Police said Lockridge Alliance man accused of stealing catalytic converters
By Lori Monsewicz
CantonRep.com staff writer
Posted Jul 07, 2009 @ 10:31 AM
Police arrested an Alliance man, accusing him of selling nearly a dozen stolen catalytic converters.
A year-long investigation resulted in the arrest of Jonathan E. Lockridge, 29, of 2038 Watson Ave., who is accused of stealing catalytic converters from cars in four counties.
Lockridge was arrested at 1:30 p.m. Monday at Union Avenue and Beech Street by officers with the police department’s Special Investigations Unit and its newly formed “Warrant Bureau,” according to a news release from the department. Lockridge was charged with receiving stolen property and criminal tools possession.

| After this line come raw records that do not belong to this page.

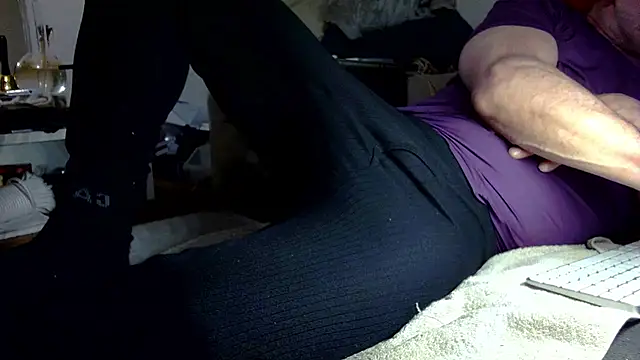 mike30nbg online show from March 31, 7:36 pm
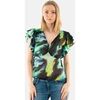 Chemise Morgan 241-olizy.f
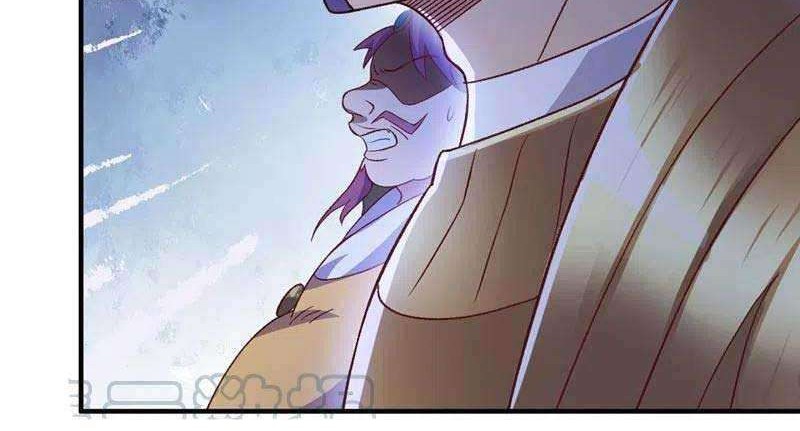 Spirit Sword Sovereign Chapter 410 - halaman 19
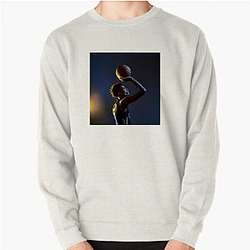 Brandon Beloti No Limits Just Laughter Brandon Beloti Sweatshirts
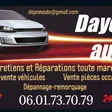 Photo de profil de dayceauto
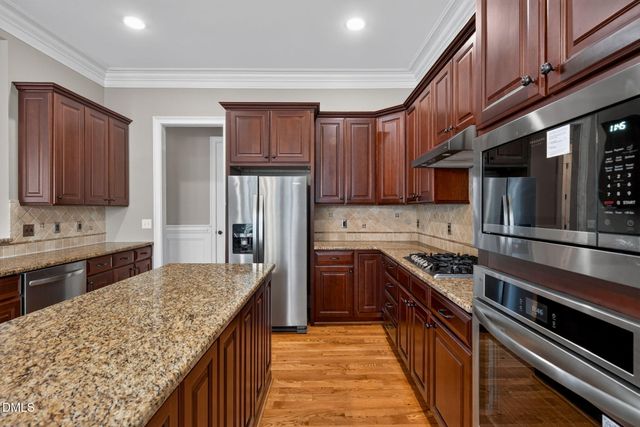 1013 Chessridge Way, Morrisville, NC 27560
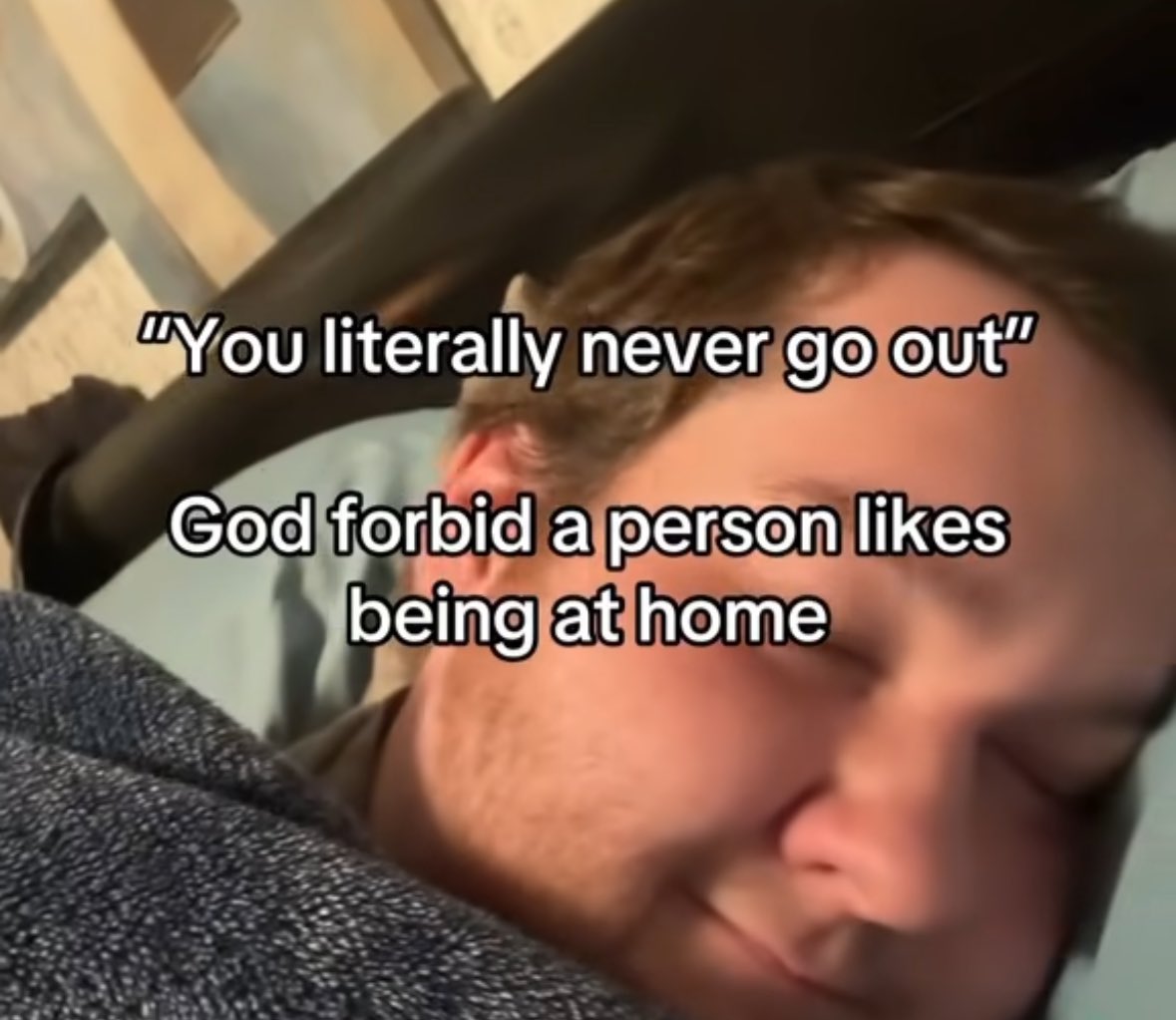 ✧ (@northstardoll) on Twitter photo 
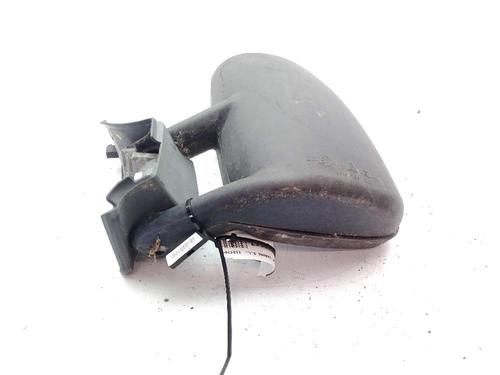 Left mirror MERCEDES-BENZ SPRINTER 3-t Van (B903) 313 CDI (903.663, 903.662, 903.661) | BP28312887C26 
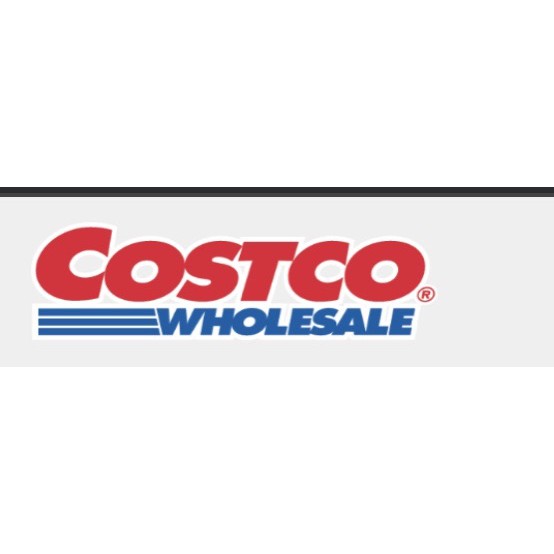 Costco代購商品‼️好市多代購💕當您專屬的代買人員👍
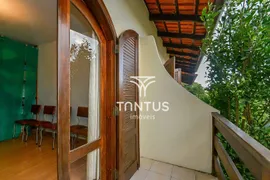 Casa com 6 Quartos à venda, 372m² no Guaíra, Curitiba - Foto 74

Detective Bob Rajcan had been stealing six to 10 converters from cars at night in four counties and selling them for scrap at $50 to $100 apiece. The counties include Stark, Mahoning, Columbiana and Portage. The release said Lockridge had rented tools from auto parts stores in Salem and Canton enabling him to cut the converters from the cars.
Rajcan stopped Lockridge in the 3000 block of S. Union Avenue. There, Officers Tony Boyle, Anthony Palozzi and Timothy Heavlin arrested Lockridge on a Columbiana County warrant charging Lockridge in with failure to appear in court.
The news release said police believes most of the 10 converters they found in his car had been stolen from Goshen Township near Andrews Honda on State Route 62.
Lockridge told police he was stealing to support a drug addiction, the news release said.
He was released from jail on his own recognizance later Monday. He is scheduled to appear in Alliance Municipal Court at 1:30 p.m. Wednesday.
Capt. Doug Neeb said the warrant bureau is comprised of patrol shift officers who serve backlogged warrants.
“We have a lot of warrants that come down from the courts, anything from fresh charges to somebody who hasn’t paid their fines and costs so there’s a bench warrant issued for their arrest,” Neeb said.